-- Dataset records follows --

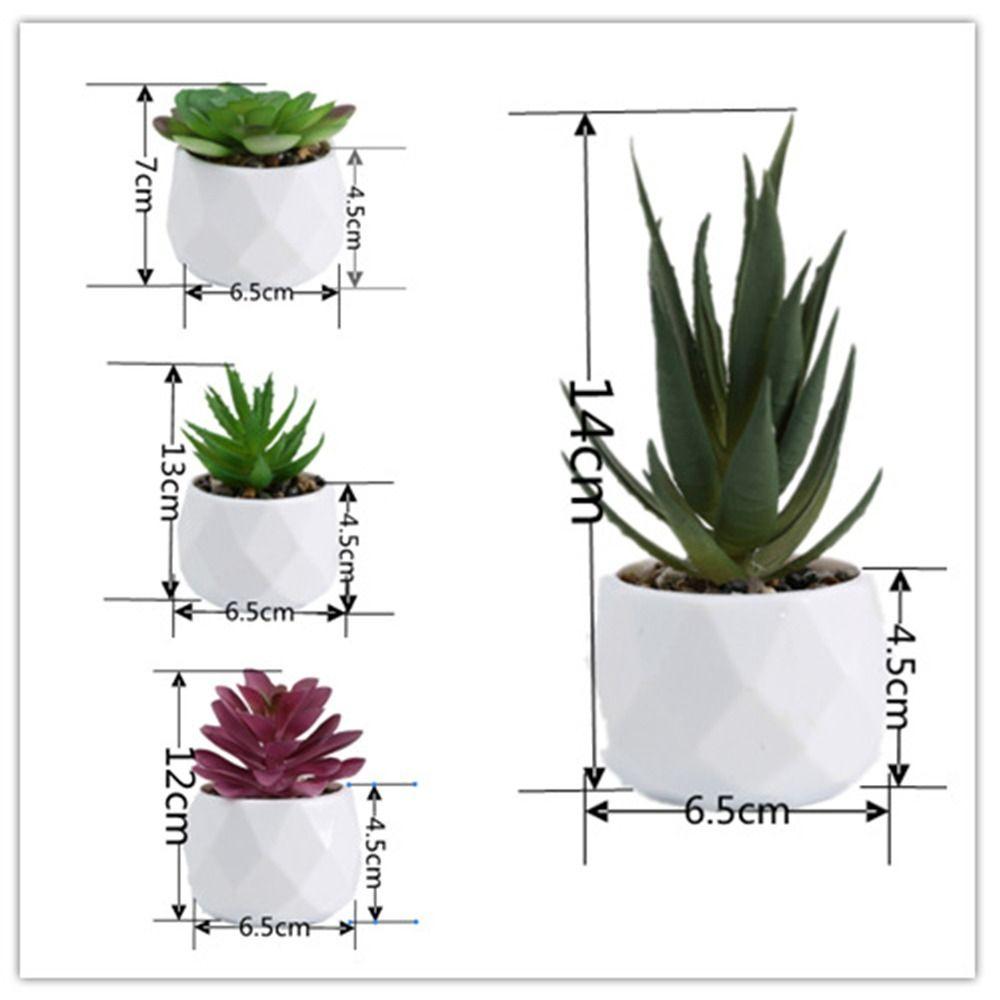 Evergreen Artificial Succulent Cactus Small Potted Plants Mini Bonsai Plants  Home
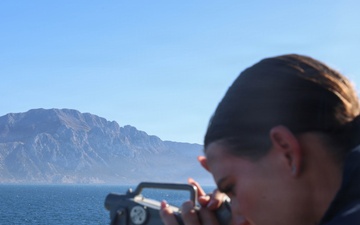 USS Thomas Hudner (DDG 116) Transits the Straits of Gibraltar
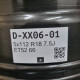 5x112 R18 7.5J ET52 66
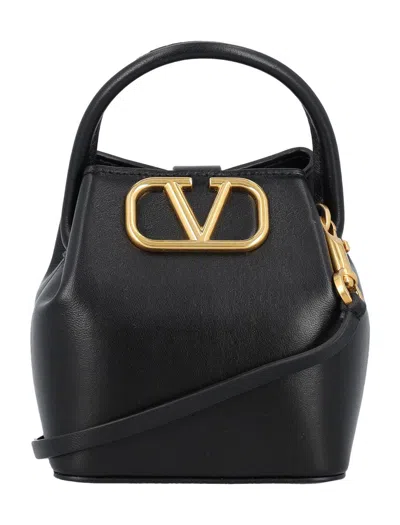 Valentino Garavani Micro Bucket Bag In Black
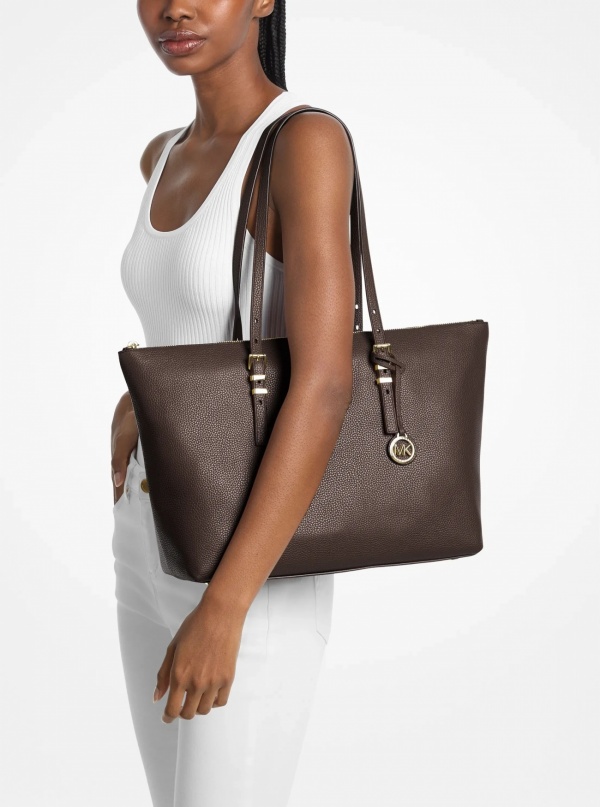 Michael Kors Quinn Large Pebbled Leather Tote Bag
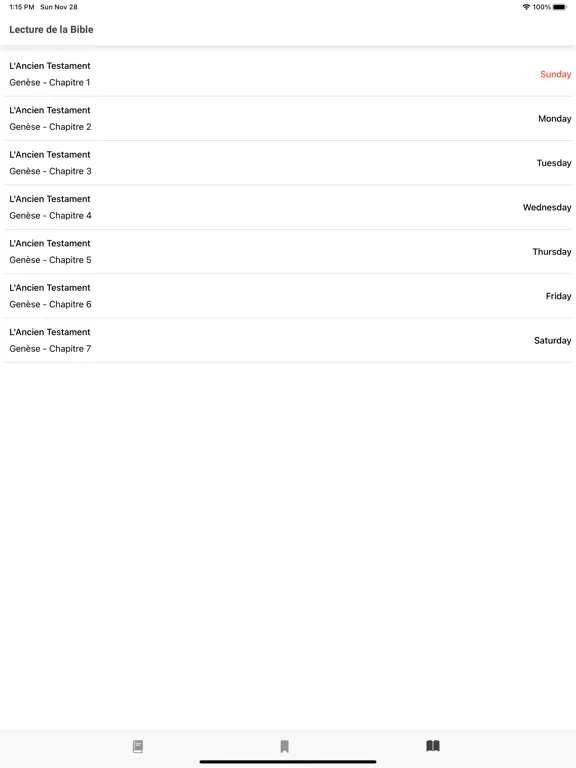 la Sainte Bible iPad  スクリーンショット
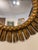 Wood Vintage Sunburst Mirror For Sale - Image 7 of 8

-- Dataset records concluded --

> **Directions**: Could you repeat, exactly and with nothing else, the lines from the one containing "la Sainte Bible" through the last line of the records above, leaving out the pictures?

> **Answer section**:
 la Sainte Bible iPad  スクリーンショット
 Wood Vintage Sunburst Mirror For Sale - Image 7 of 8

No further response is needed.